I have tried running using the -lazy-load flag, but this is still running and is taking 2 days + already. 

Is it simply that my dataset size is too great to run normally? I would've hoped that 250GB would be enough to tackle it. 

Thank you

San Jewell

unread,
May 26, 2026, 2:46:15 PM (10 days ago) May 26
to Biociphers
Hi Matt, 

It is a known issue that the lazy loading method of zarr is slow in voila. I actually have currently a fix which involves changing the chunk size/shape in which majiq writes the output files that voila uses which I have been experimenting with, but as majiq clin also uses this data structures it is difficult to optimize performance for both tools at the same time. I am figuring out what is the best way to release and document this, but it will be in the next minor version bump. 

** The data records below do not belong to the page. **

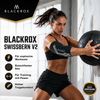 BLACKROX Ellenbogenbandage SWISSBERN Sport Fitness Tennisarm – Größentabelle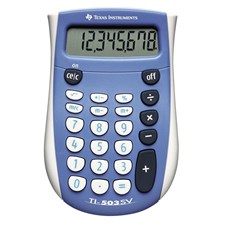 Miniräknare TI-503SV Texas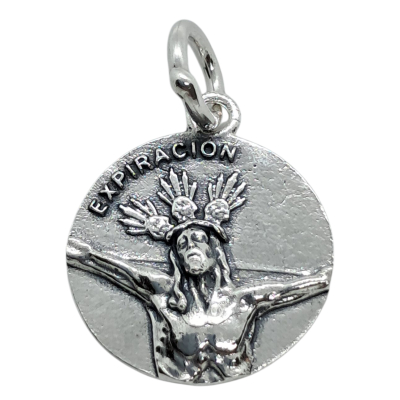Medalla Cristo Expiracion ref.12741
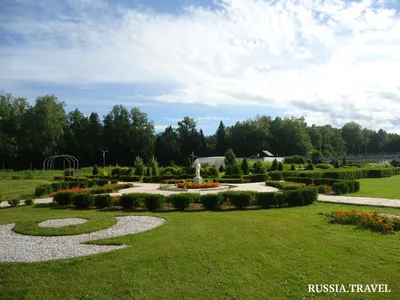 Ботанический сад-институт ПТГУ в городе \"Йошкар-Ола\"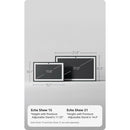 Amazon Echo Show 15 Full HD Smart Display with Fire TV - Teqane Jordan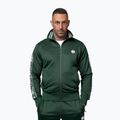 Pánska mikina Pitbull Trackjacket Tape Logo Terry Group bottle green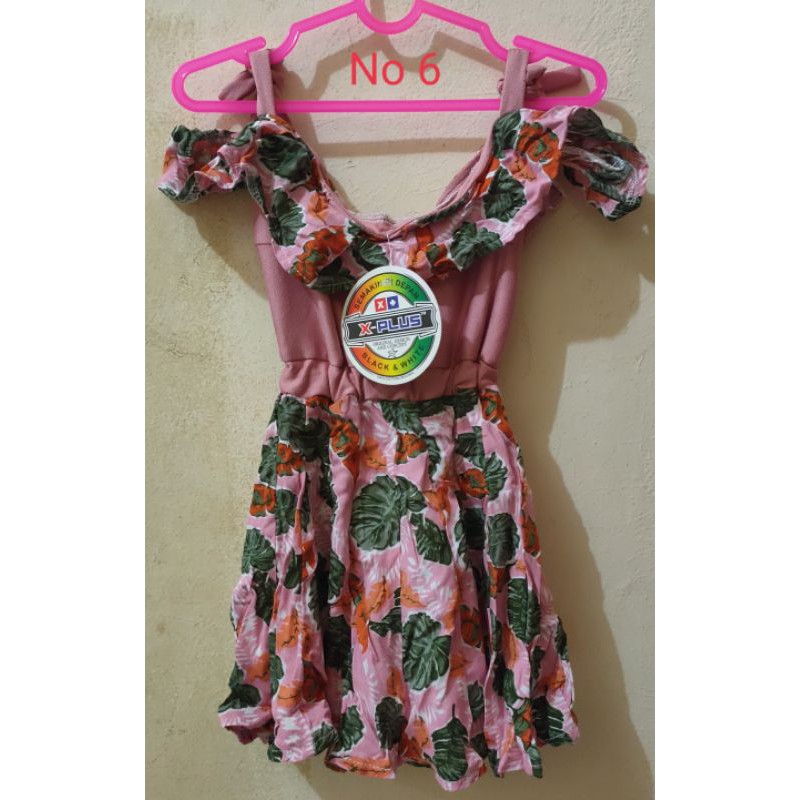 Dress Yukensi Anak 1-2th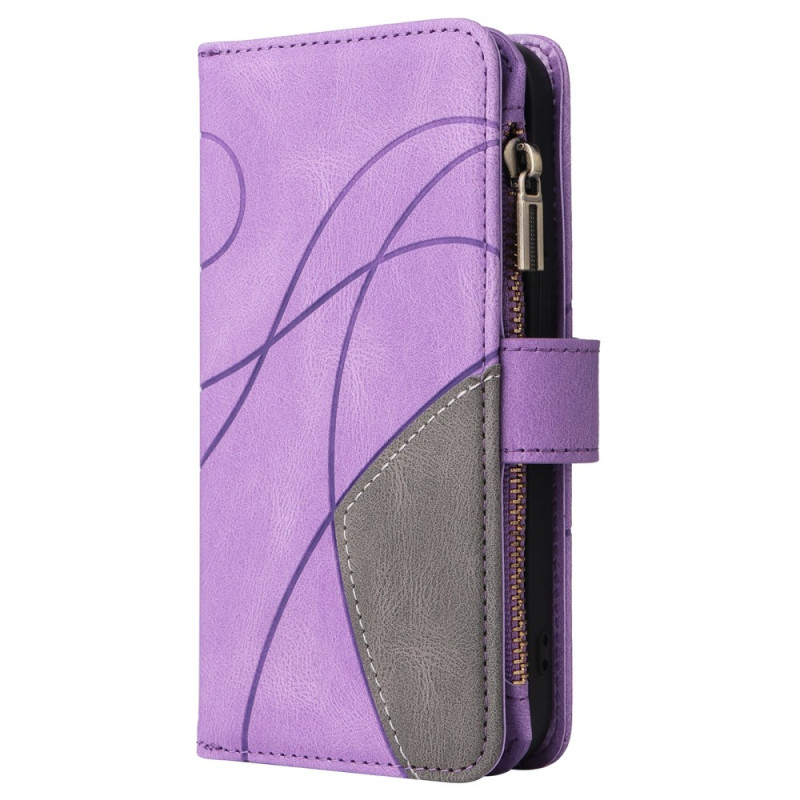 Housse Samsung Galaxy S24 FE Bicolore Portefeuille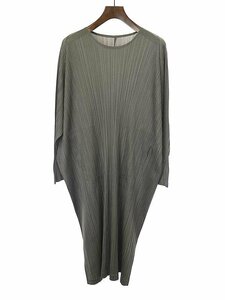 PLEATS PLEASE ISSEY MIYAKE pleat pulley z Issey Miyake SAMPLE polyester pleat One-piece Brown ITW95GD018XS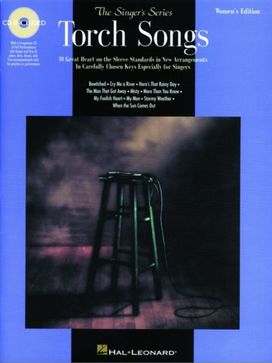 Torch Songs Womens Edition Bookcd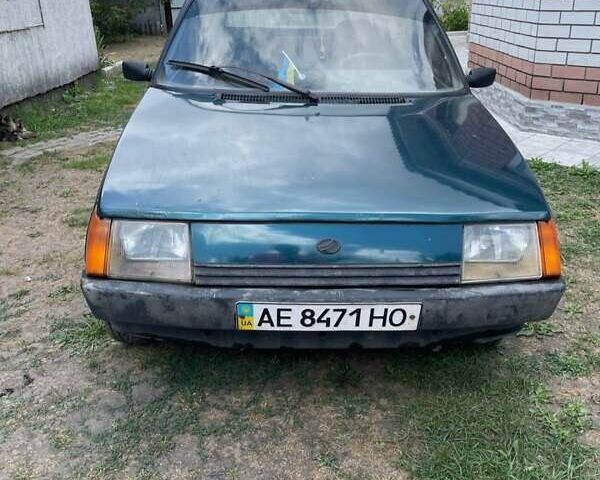 Зелений ЗАЗ 1102 Таврія, об'ємом двигуна 1.2 л та пробігом 200 тис. км за 600 $, фото 1 на Automoto.ua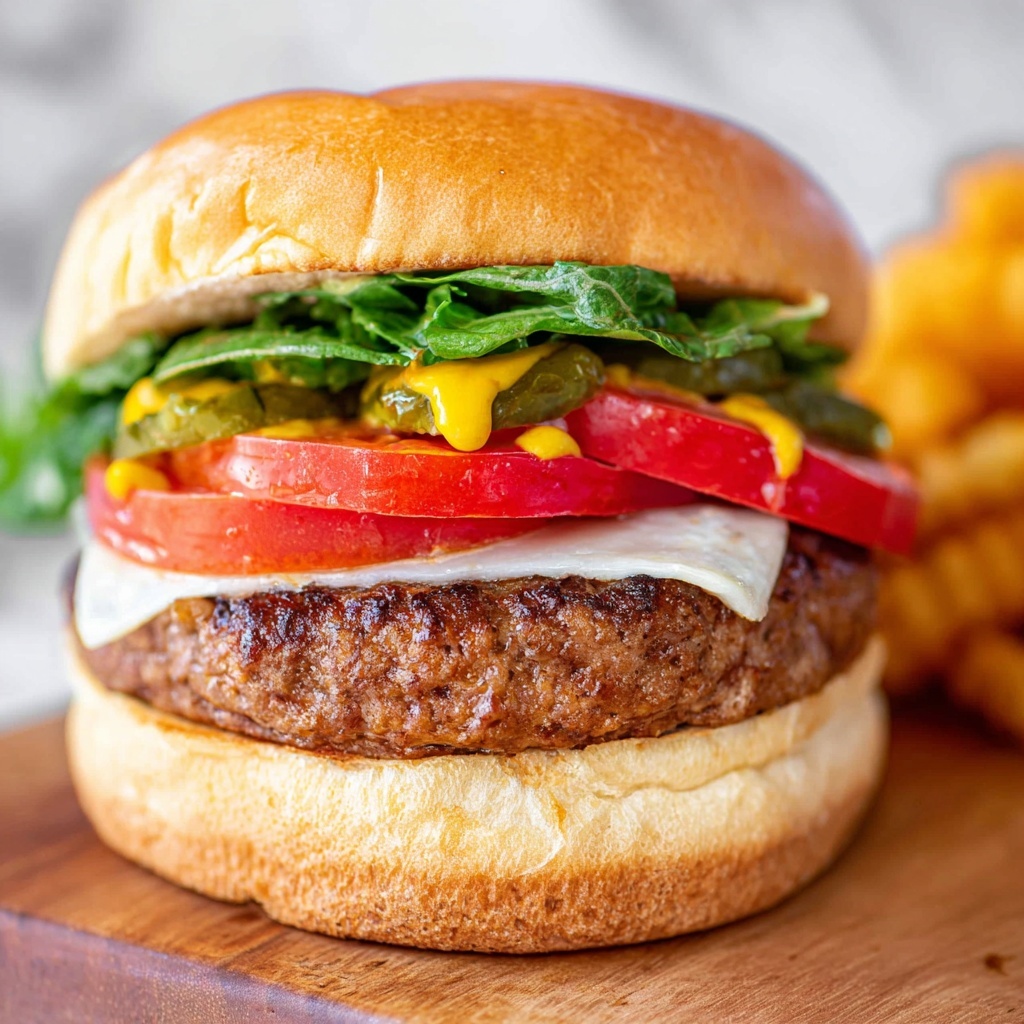 Italian Hamburgers Recipe - Recipe Image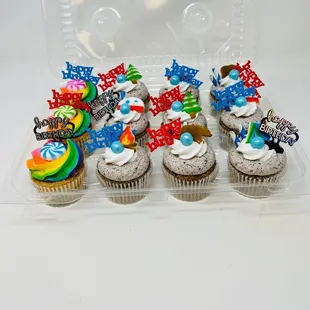 Oreo Cake Cup, Rainbow Funfetti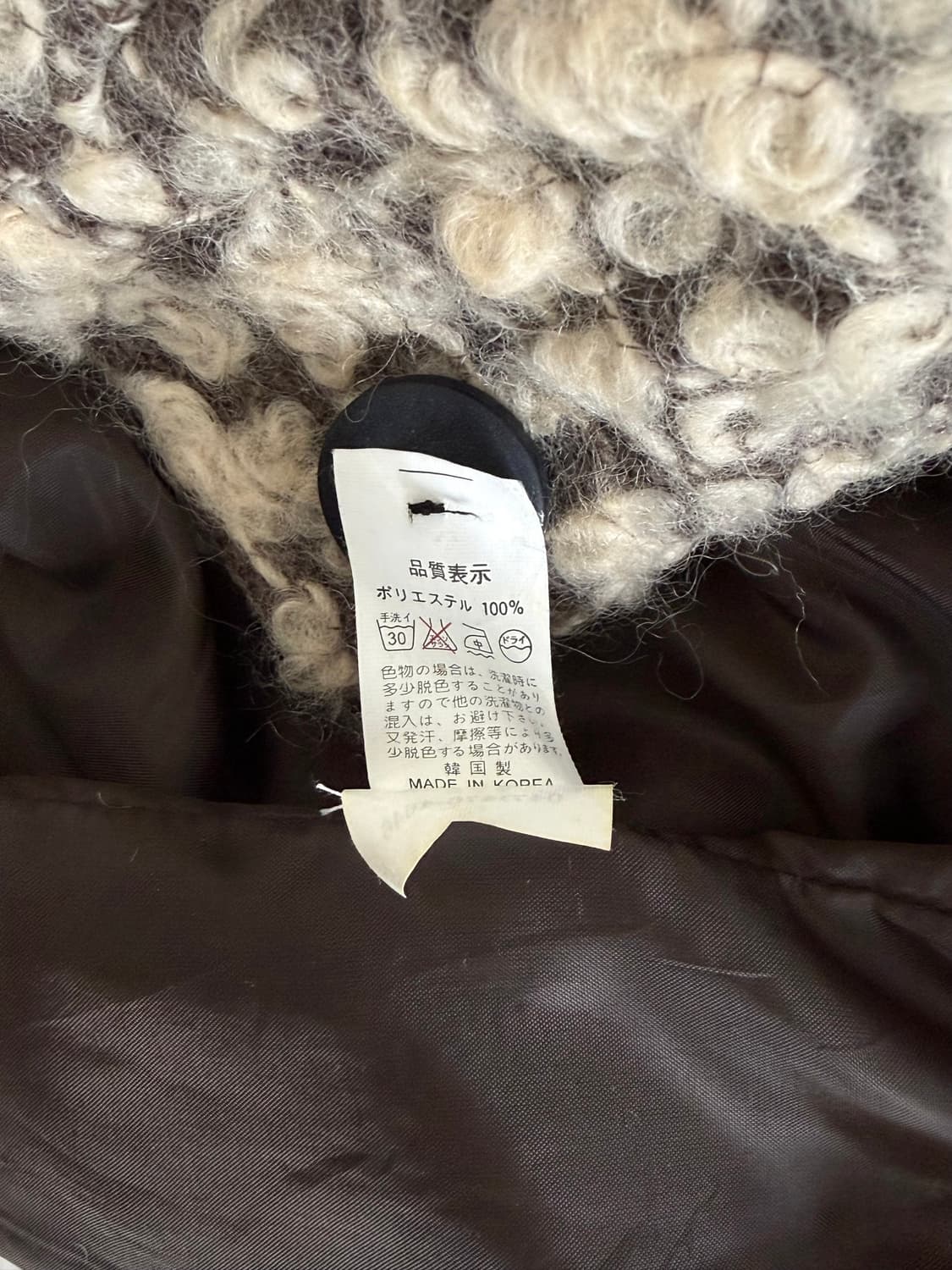 Createur 카라리스 자켓 상품이미지9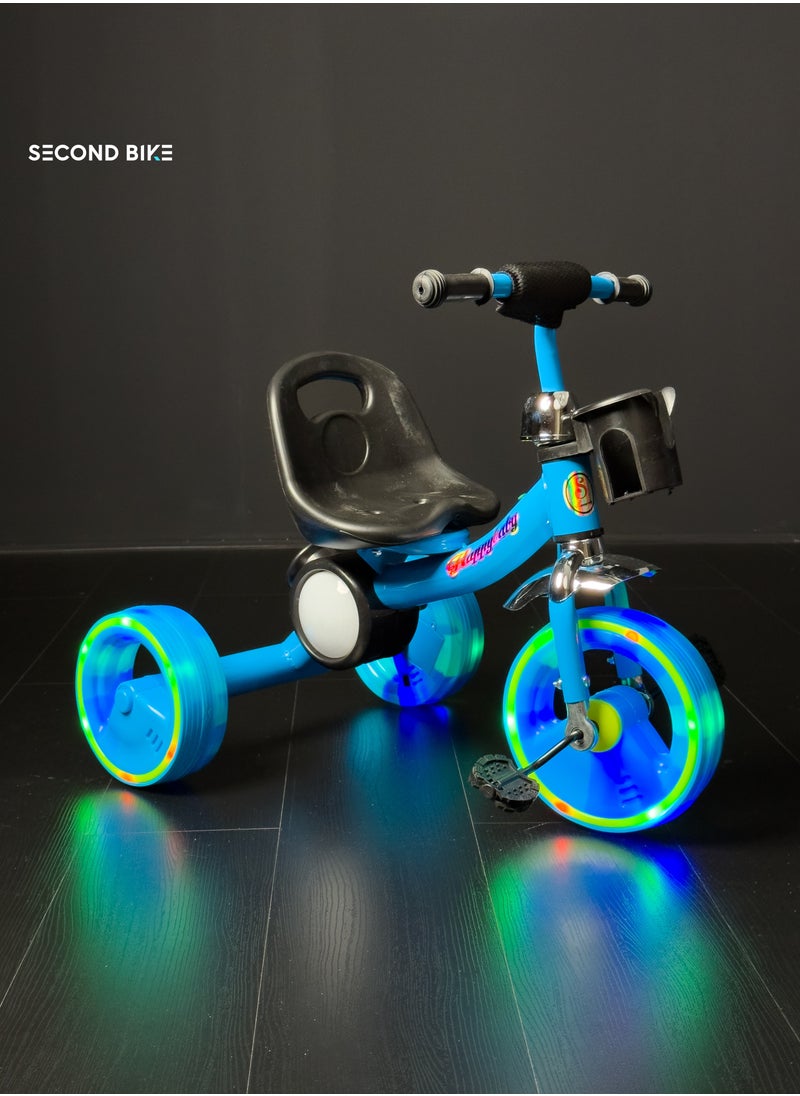 Tricycle with LED Light & Speaker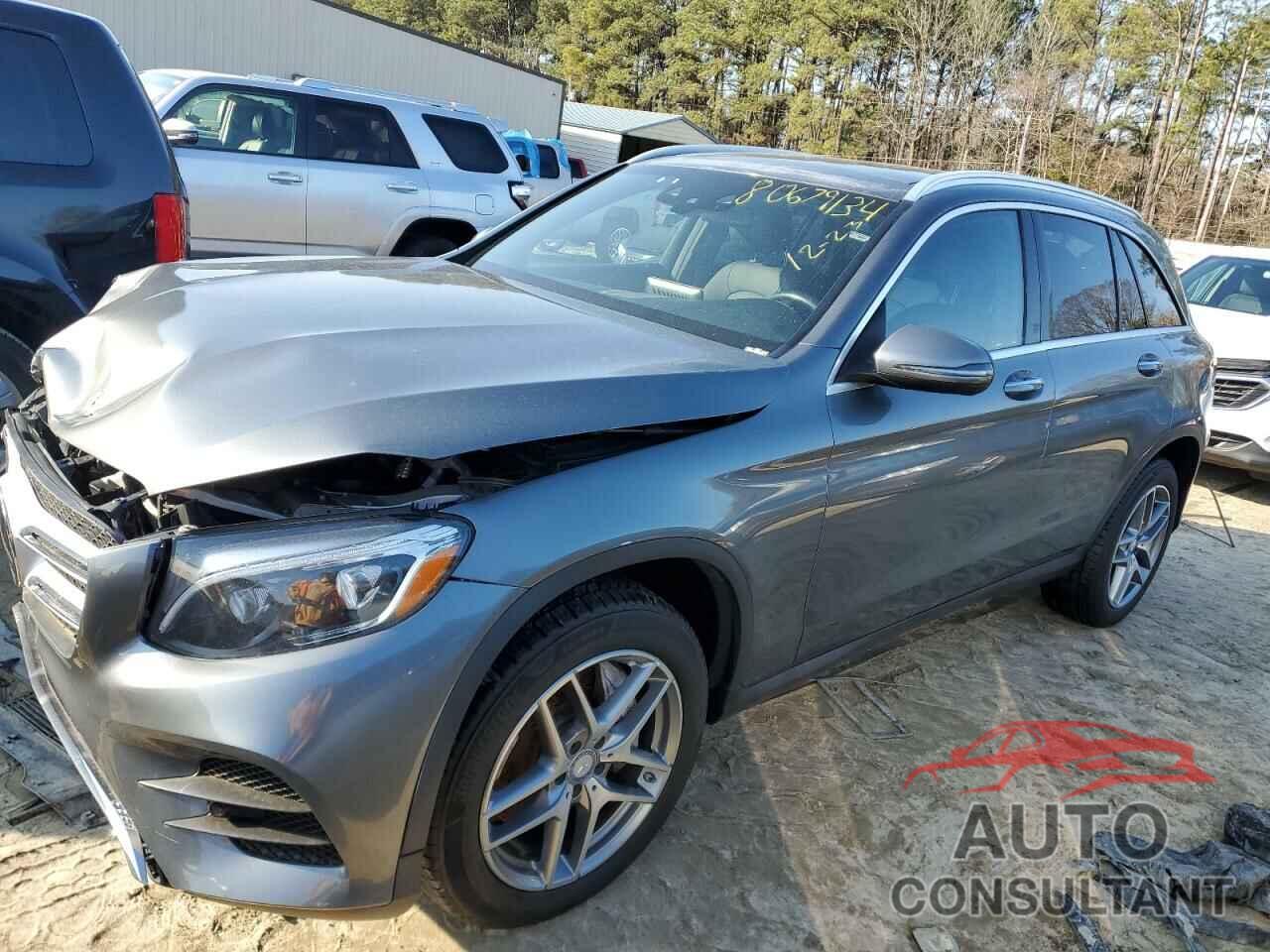 MERCEDES-BENZ GLC-CLASS 2017 - WDC0G4KB6HF200904
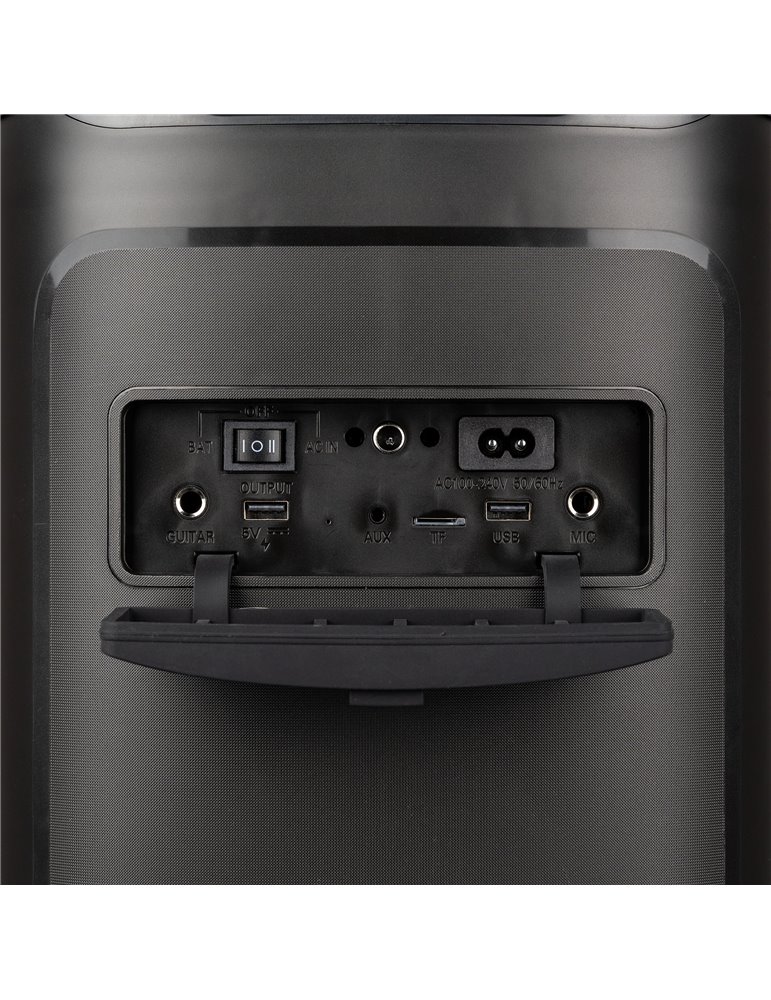 Pulse130 Party Speaker Interior/Exterior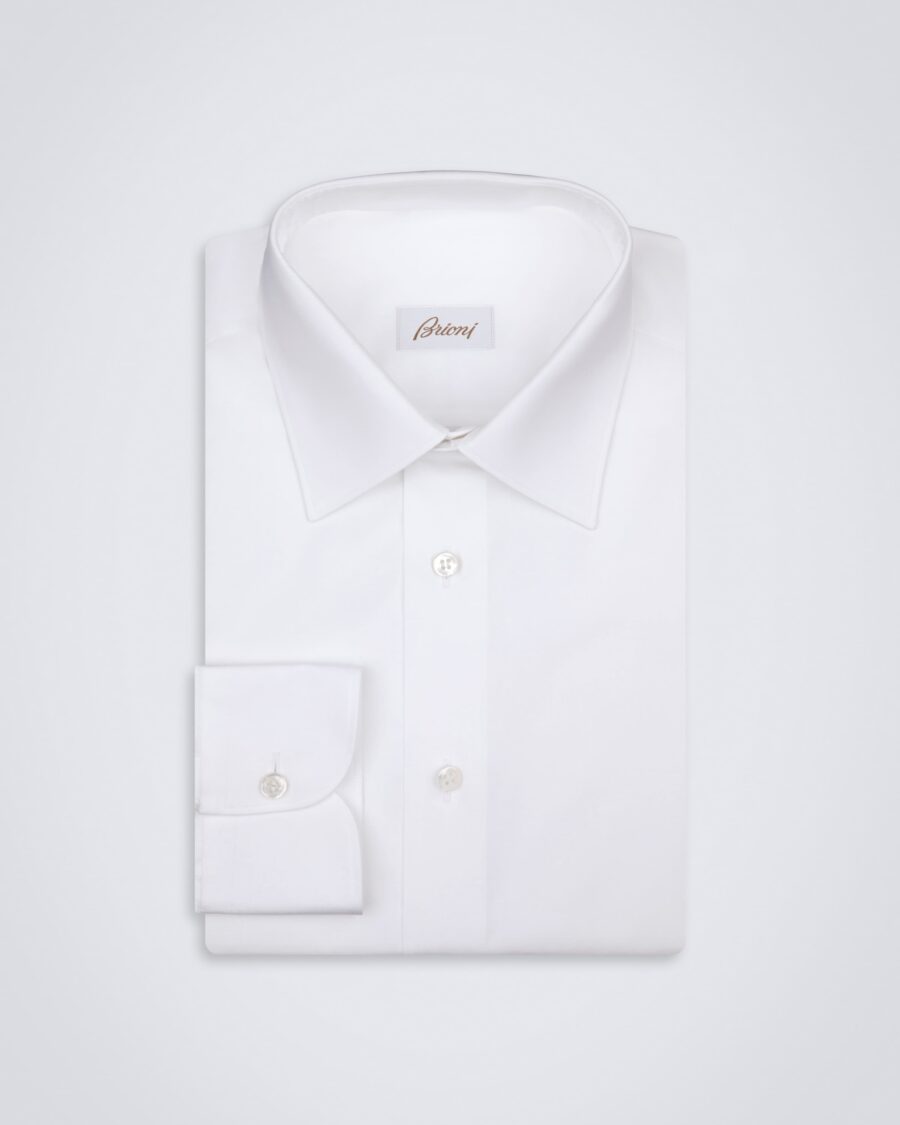 ESSENTIAL POPLIN FORMAL SHIRT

In the meantime, you can obtain a middle ground between 100% in memory and 100% lazy load, the way to do this is to copy some subset of the input files into /dev/shm/subfolder on your system, which acts as a ram drive. You can ensure that you keep this comfortably below 250gb. Then you can specify the run command to read from a mix of on-disk and in-memory zarr files, and specify the --lazy-load-zarr option. Also, it would help to use more than one thread (-j) if you are using lazy loading. 

Let me know if that method proves helpful at all. 

Thanks, 
-San

Matt Morgan

unread,
May 28, 2026, 3:09:42 PM (8 days ago) May 28
to Biociphers
Hi San, 

Thanks for your reply. 

That has not seemed to make a dent in the running speed, despite putting all files I was using into memory on the /dev/shm, and I was running with 40 threads. 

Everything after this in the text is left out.